- [Task] Lines below starting with the line with "Invisalign™ Aligner Case Black 2" and going on through the line with "Departamento estándar, 1" must be output exactly; the rest of the records must be left out.

- [Given data]

# # # # #

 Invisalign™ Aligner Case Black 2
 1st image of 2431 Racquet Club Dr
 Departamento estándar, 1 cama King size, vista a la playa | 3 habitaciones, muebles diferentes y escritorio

# # # # #

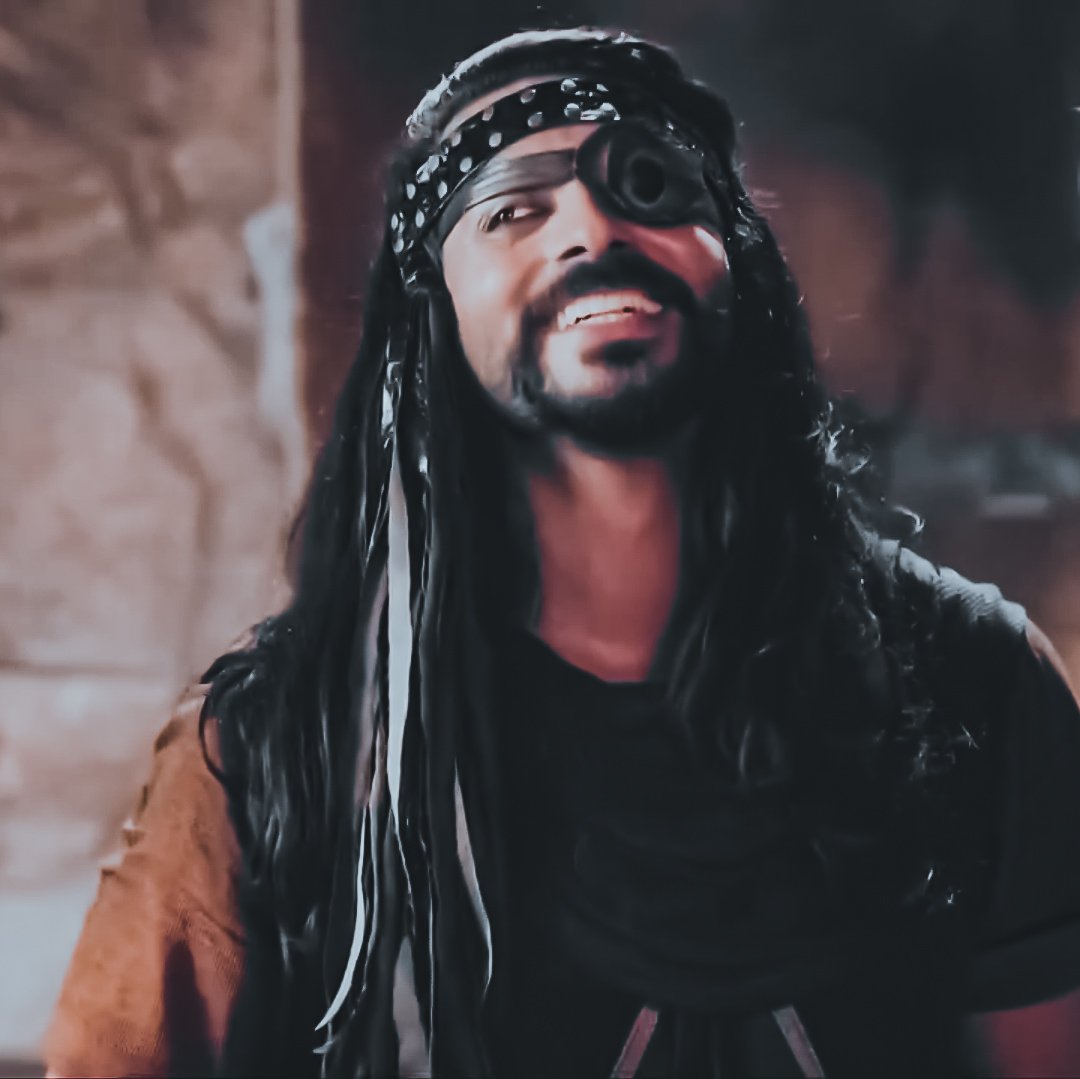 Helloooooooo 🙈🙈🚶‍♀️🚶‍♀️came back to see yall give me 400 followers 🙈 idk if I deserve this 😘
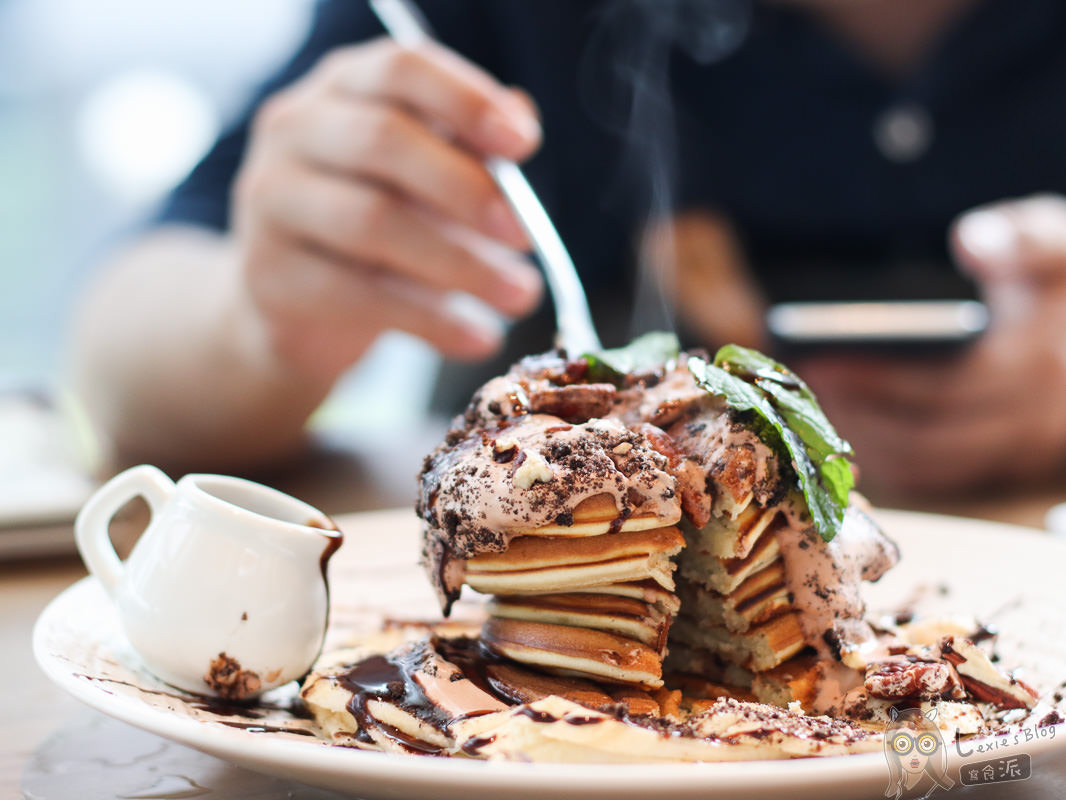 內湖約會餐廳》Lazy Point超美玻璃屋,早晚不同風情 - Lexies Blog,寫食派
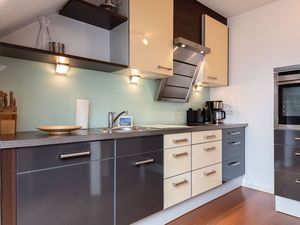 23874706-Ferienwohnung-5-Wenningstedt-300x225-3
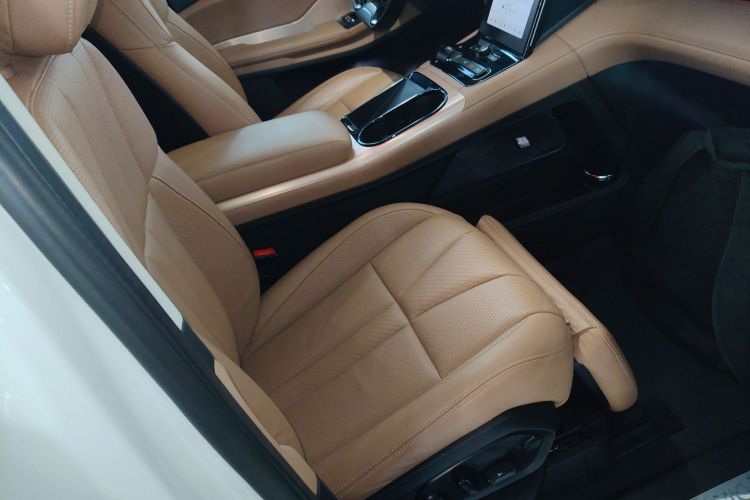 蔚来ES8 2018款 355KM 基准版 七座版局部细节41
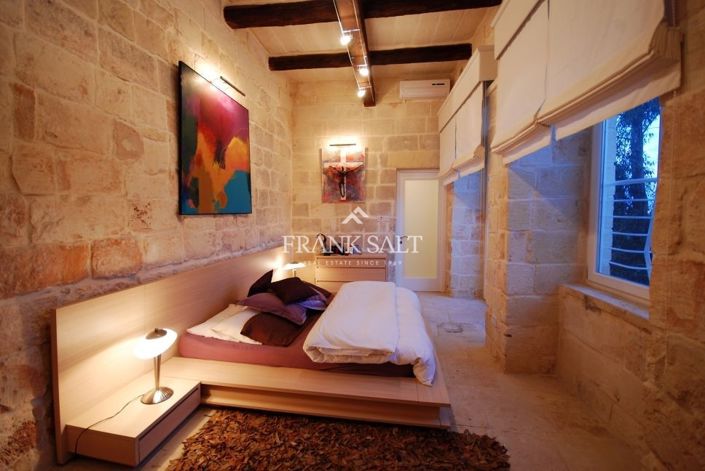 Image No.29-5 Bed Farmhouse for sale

# # # # #

- [Worked solution]
 Invisalign™ Aligner Case Black 2
 1st image of 2431 Racquet Club Dr
 Departamento estándar, 1 cama King size, vista a la playa | 3 habitaciones, muebles diferentes y escritorio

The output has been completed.